L’Italia, appendice semiperiferica del simulacro di
democrazia chiamato UE, non fa ovviamente eccezione.
La stizzosa reazione bipartisan in difesa di
Mattarella, cui la portavoce del Ministero degli Esteri russo ha (giustamente)
rimproverato le affermazioni offensive e gratuite pronunciate a Marsiglia,
evidenzia che il politicume nostrano non ha la capacità né tantomeno
l’intenzione di ricostruire un rapporto con la Federazione, come richiesto dal
buon senso e dall’interesse nazionale, ma persevera in un atteggiamento ostile
indotto dal precedente “amministratore delegato” dell’Occidente (fired,
ma in attesa di nuovi ordini si eseguono pedissequamente quelli vecchi…) e
rinfocolato dalle forze ultranazionaliste alle quali si è consegnata la c.d.

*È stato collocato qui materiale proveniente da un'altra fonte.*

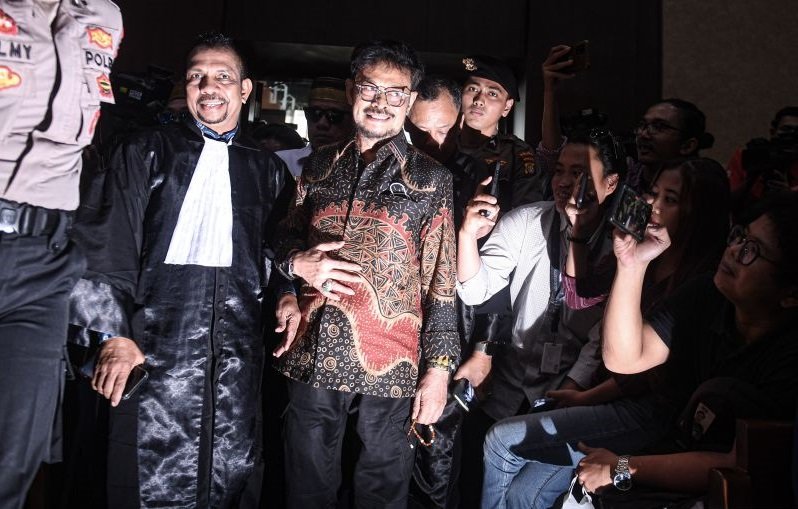 Polisi Selidiki Kasus Juru Kamera Dikeroyok saat Sidang SYL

Unione Europea. Sarebbe facile ironizzare su figuranti talmente avvezzi a inchinarsi
da non fare distinzione fra un Biden – che era pur sempre il Presidente USA,
sebbene dialogasse con le ombre – e un Rutte o una Kallas qualsiasi, ma che la
situazione sia pericolosa lo dimostra l’uscita dell’inqualificabile von der
Leyen, pronta ad esentare dalle regole draconiane del patto di stabilità le
spese per il riarmo in funzione antirussa, il cui incremento smodato ci
avvicinerebbe, da un lato, a una guerra devastante (questi folli sbavano per
una replica dell’Operazione Barbarossa!), mentre propizierebbe dall’altro la
cancellazione delle ultime vestigia di Stato sociale, visto che,
indipendentemente dai magheggi contabili, le risorse sono comunque limitate.

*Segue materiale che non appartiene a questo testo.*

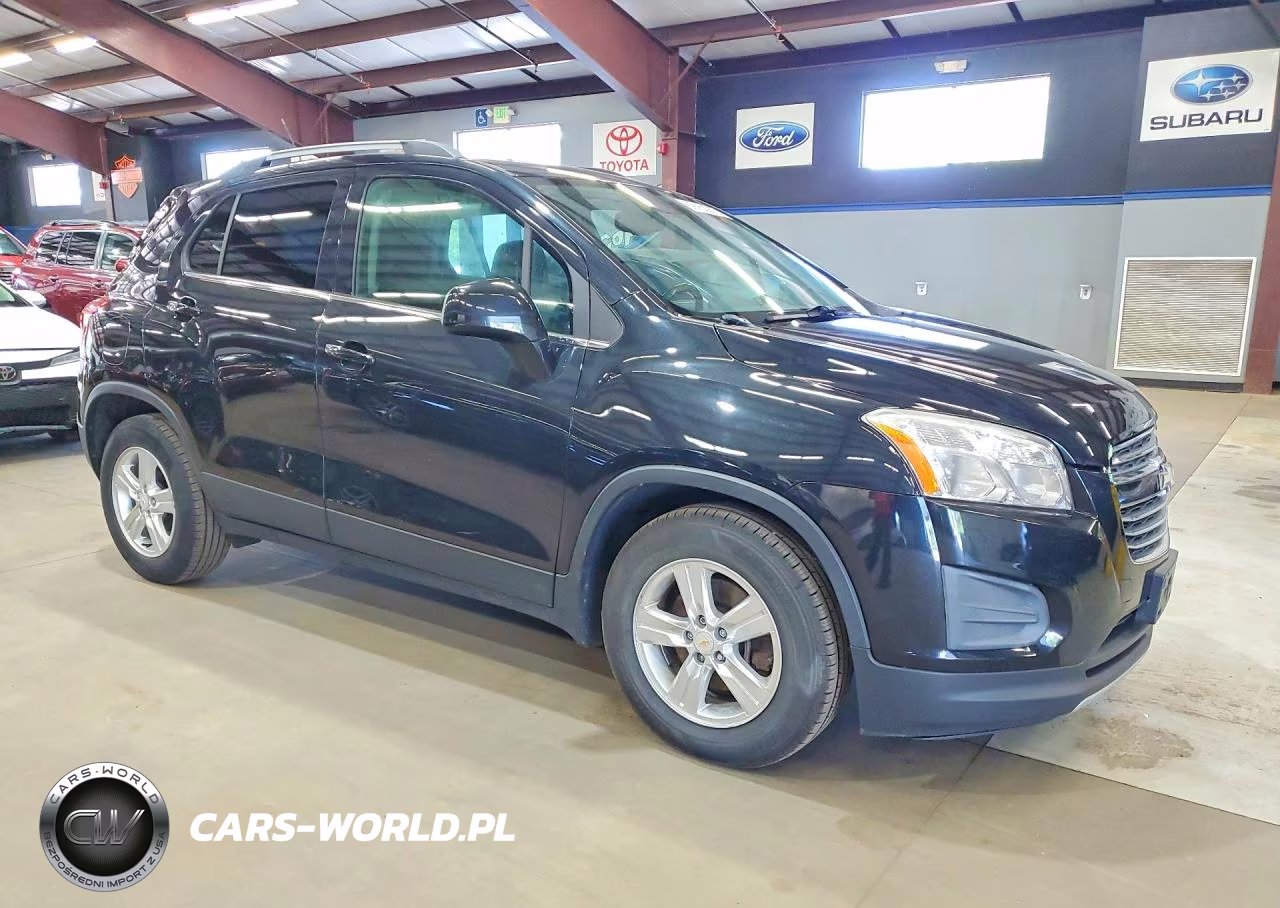 2016 Chevrolet Trax 1Lt VIN:KL7CJLSB6GB565858 - 4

Tutta questa genia va licenziata al più presto, e sostituita con persone libere
e pensanti che abbiano a cuore il destino e le esigenze dei propri popoli e,
immuni dal suprematismo nichilista che anima la classe politica europea
odierna, scommettano su un futuro di convivenza e multipolarismo, se non di
pace.
L’avvicendamento della rappresentanza non può naturalmente avvenire ceteris paribus, perché bisogna tener conto del pattume propagandistico cui si è ridotto il giornalismo mainstream e del fatto che tanto l’informazione quanto la politica sono oggidì teleguidate da gruppi di pressione che, disponendo di ingentissime risorse, appaiono in grado di condizionare sia la pubblica opinione che le scelte strategiche: è dunque necessario un radicale cambio di sistema, che ci condurrebbe non in una terra incognita, bensì all’interno del perimetro delimitato dalla nostra Costituzione, tanto retoricamente esaltata quanto nei fatti tradita dai mestieranti che, proni ai desideri altrui, ci amministrano.